Hilyotrogus setipennis

Scientific classification
- Kingdom: Animalia
- Phylum: Arthropoda
- Clade: Pancrustacea
- Class: Insecta
- Order: Coleoptera
- Suborder: Polyphaga
- Infraorder: Scarabaeiformia
- Family: Scarabaeidae
- Genus: Hilyotrogus
- Species: H. setipennis
- Binomial name: Hilyotrogus setipennis Moser, 1913

= Hilyotrogus setipennis =

- Genus: Hilyotrogus
- Species: setipennis
- Authority: Moser, 1913

Species of beetle

Hilyotrogus setipennis is a species of beetle of the family Scarabaeidae. It is found in China.

== Description ==
Adults reach a length of about 18 mm. They may be distinguished by the pubescence and setae on the upper surface.
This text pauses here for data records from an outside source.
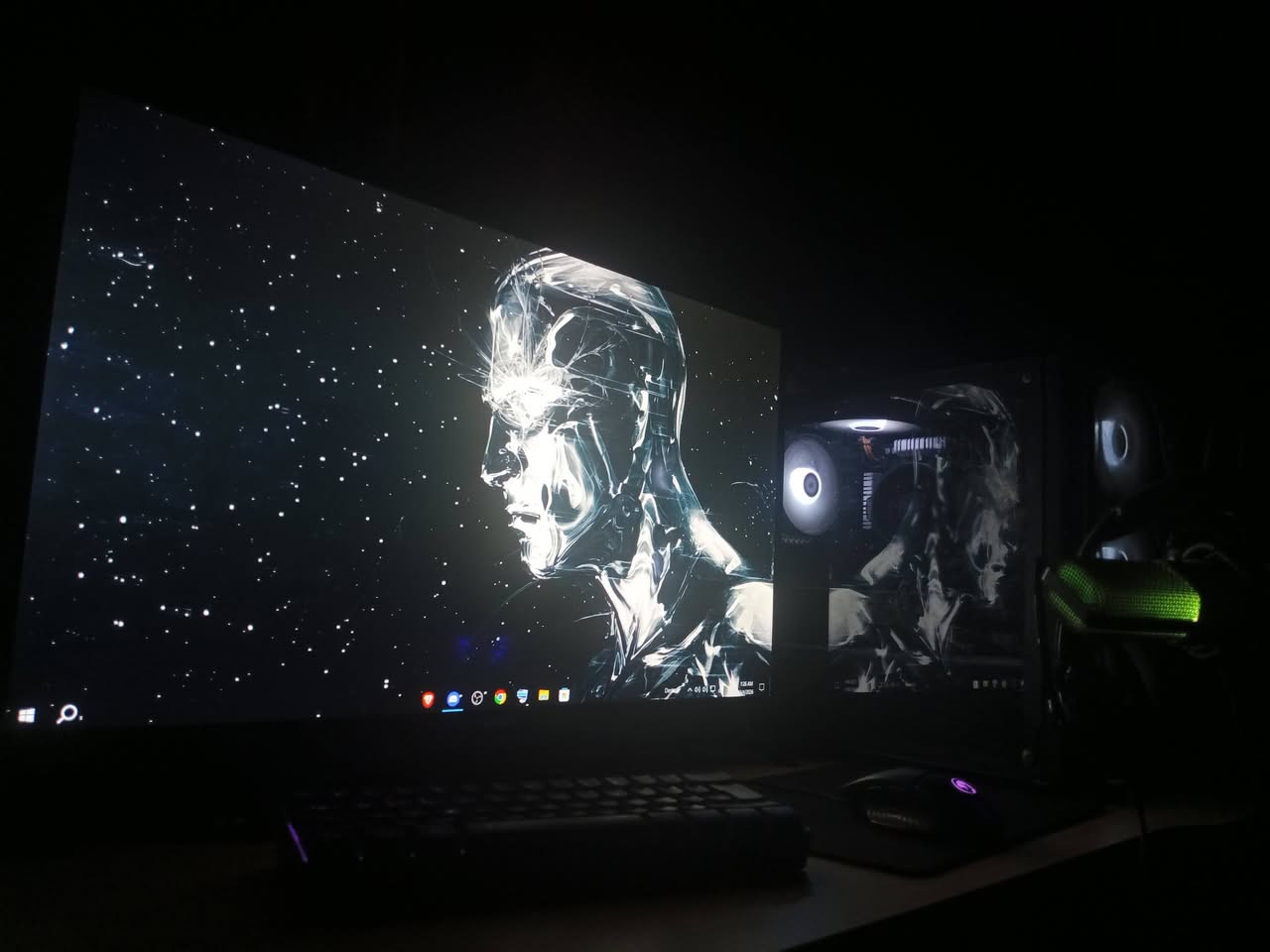 تجميعة بيسي اقتصادية مع شاشة
• المعالج: Ryzen 5 2600 (6 أنوية و 12 خيط - أداء قوي ومستقر)
• كرت الشاشة: GTX 1650 Super 4GB (يشغل أغلب الألعاب بسلاسة)
• الرامات: 16GB (8x2) بسرعة high 3600MHz
• التخزين: 128GB SSD للنظام + 1TB HDD للملفات والألعاب
• المذربورد: ASRock ممتازة بـ 4 خانات رامات (قابلة للتطوير المستقبلي للرام والمعالج)
• مزود الطاقة (باور): 650W (كافي وزيادة لتطويرات مستقبليّة)
• الشاشة: حجم كبير 32 بوصة HD تردد 60Hz

💰 السعر: 700 ألف دينار (وبيها مجال للطيبين)
📌 الموقع: [كربلاء ، وتوصيل موجود ]
📩 للتواصل والطلب: واتساب ***********
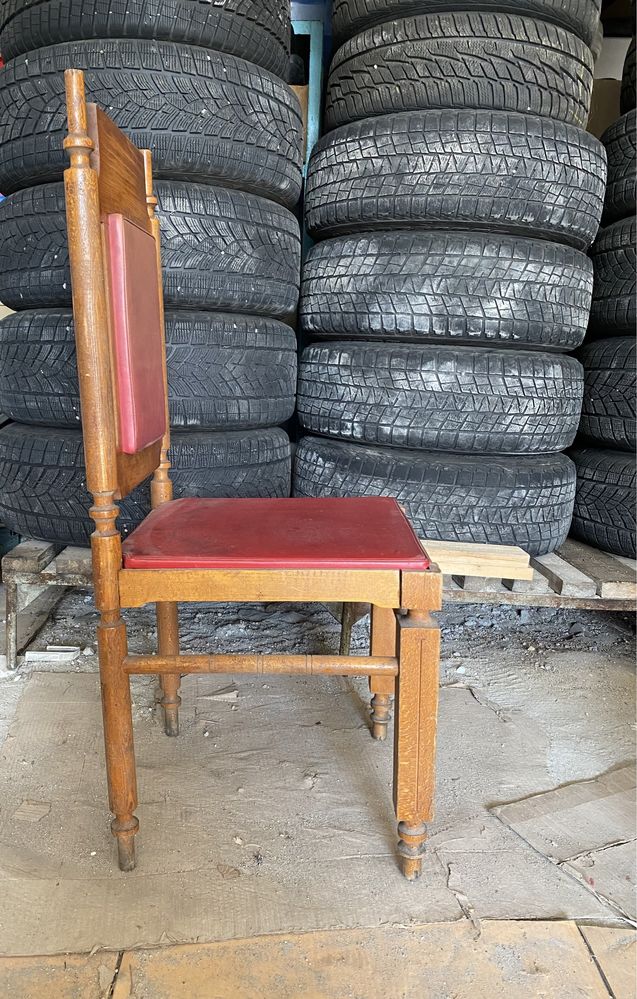 Продам стул деревянный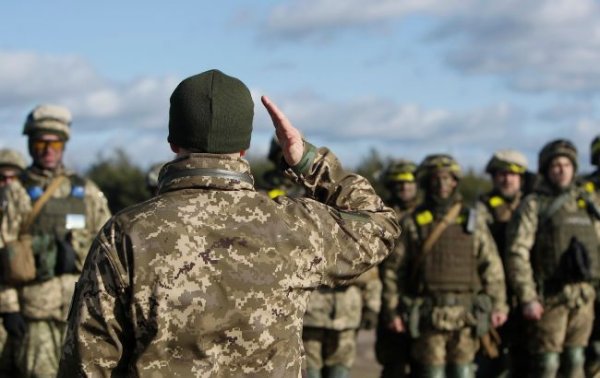 Что лучше - служба по контракту или по призыву? Юрист объяснил нюансы каждого варианта
Что лучше - служба по контракту или по призыву? Юрист объяснил нюансы каждого варианта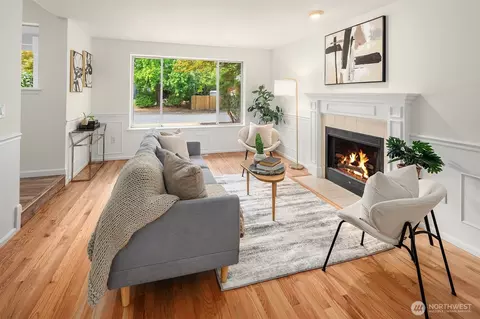 22929 SE 282nd St, Maple Valley, WA 98038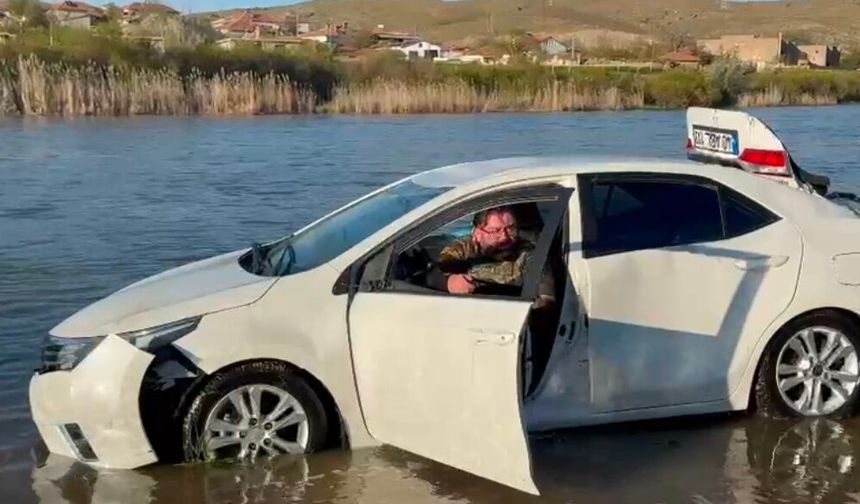 Kırşehir'de otomobil nehre uçtu, sürücü kendi imkanlarıyla kurtuldu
The colouration is reddish-brown, with the head and pronotum somewhat darker. The head is rather densely punctate and covered with yellow hairs. The punctation of the pronotum is moderately dense, each puncture bearing a protruding yellow hair. The scutellum, elytra, and pygidium are punctate a little more sparsely than the pronotum and the short hairs of the punctures are bristle-like. The thorax is densely covered with yellow hairs, the abdomen finely and sparsely punctate, each puncture equally bearing a small bristle.